To further evaluate the clinical relevance of our findings and to test the impact of [10]-gingerol (10 mg/kg) on the development of late brain metastases, we completed an experiment where treatment commenced one day after surgical removal of the primary tumour at ~0.5 cm3 (~0.5 g) and continued for 14-days (Figure 5A). Interestingly, body weight measurement over the subsequent 14 days of treatment showed that control mice lost weight, indicative of cachexia typically observed in mice with a high tumour burden and commonly observed in advanced patients. In contrast, mice from the [10]-gingerol group gained some weight (Figure 5B). Daily monitoring of animals also indicated a healthier general appearance in the [10]-gingerol group, as evidenced by the level of activity and coat appearance compared to controls. Consistent with these observations, mCherry fluorescence imaging of brains at endpoint indicated a significantly lower incidence of mice with brain lesions in the [10]-gingerol-treated group (1/13) compared to controls (7/13) (Figure 5C, 5D). Moreover, [10]-gingerol reduced spontaneous lung and bone metastatic burden (Figure 5E–5H).

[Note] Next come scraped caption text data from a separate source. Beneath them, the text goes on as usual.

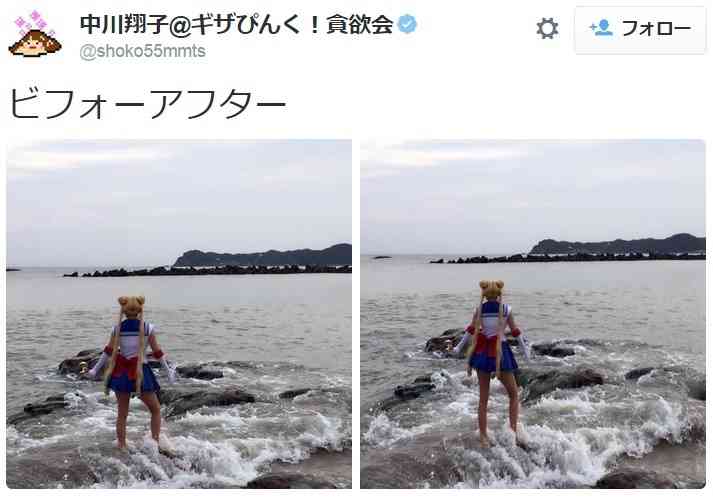 しょこたんこと中川翔子がセーラームーンに変身。“ムーンプリズムパワー”で脚が長く!?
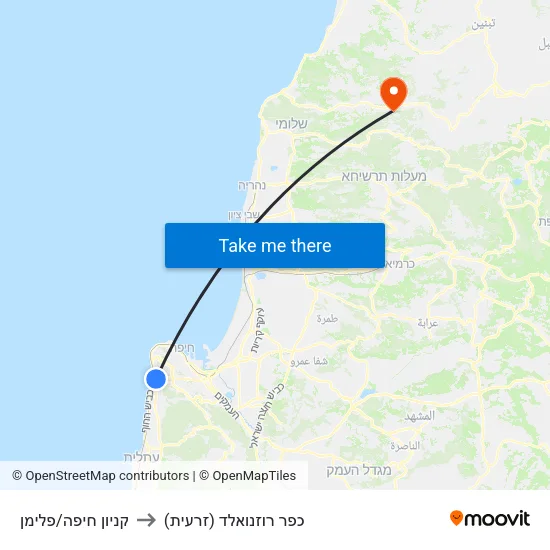 קניון חיפה/פלימן to כפר רוזנואלד (זרעית) map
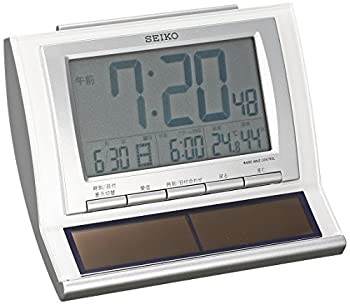 【中古】(未使用品)セイコー クロック 目覚まし時計 ハイブリッドソーラー 電波 デジタル カレンダー 温度 湿度 表示 白 パール SQ751W SEIKO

Figure 5: [10]-gingerol inhibits 4T1 spontaneous metastasis to brain. 4T1Br4 cells (1 × 105) were inoculated into the mammary fat pad and tumours surgically removed when they reached ~0.5 cm3. Mice were treated for 14 days with daily IP injections of vehicle (saline) or [10]-gingerol (10 mg/Kg) starting one day after tumour resection and the mice sacrificed on day 14 for quantitation of metastatic burden. (A) Primary tumour weight at resection. Each point represents one mouse (Control; n = 14, [10]-gingerol; n = 13). Data were analysed for statistical significance using Mann Whitney test. n/s = not significant (p = 0.307). (B) Body weight measurements post-tumour resection. *p = 0.041, Mann Whitney test. (C) Incidence of mice with brain metastases. Brains were removed and analysed by fluorescence imaging for the presence of mCherry+ve nodules and statistical difference between groups analysed with Fisher’s exact test. *p < 0.05. (D) Fluorescence images of brains from each mouse from control (top) and [10]-gingerol-treated (bottom) groups. Note that control brain #14 in (C) and (D) could not be analysed due to overnight death and cannibalism. Metastatic nodules are indicated by an arrow. Metastatic burden in (E) lung, (F) femur, (G) spine and (H) combined bones (femur + spine from same mice) determined by genomic qPCR detection of mCherry gene relative to vimentin as described in Supplementary methods. Data are expressed as relative tumour burden (RTB) and show one point per mouse (control, n = 14; [10]-gingerol, n = 13) and mean burdens (horizontal bar) ± SD. *p < 0.05; **p < 0.01; ns, not significant (spine, p = 0.086, Mann Whitney test).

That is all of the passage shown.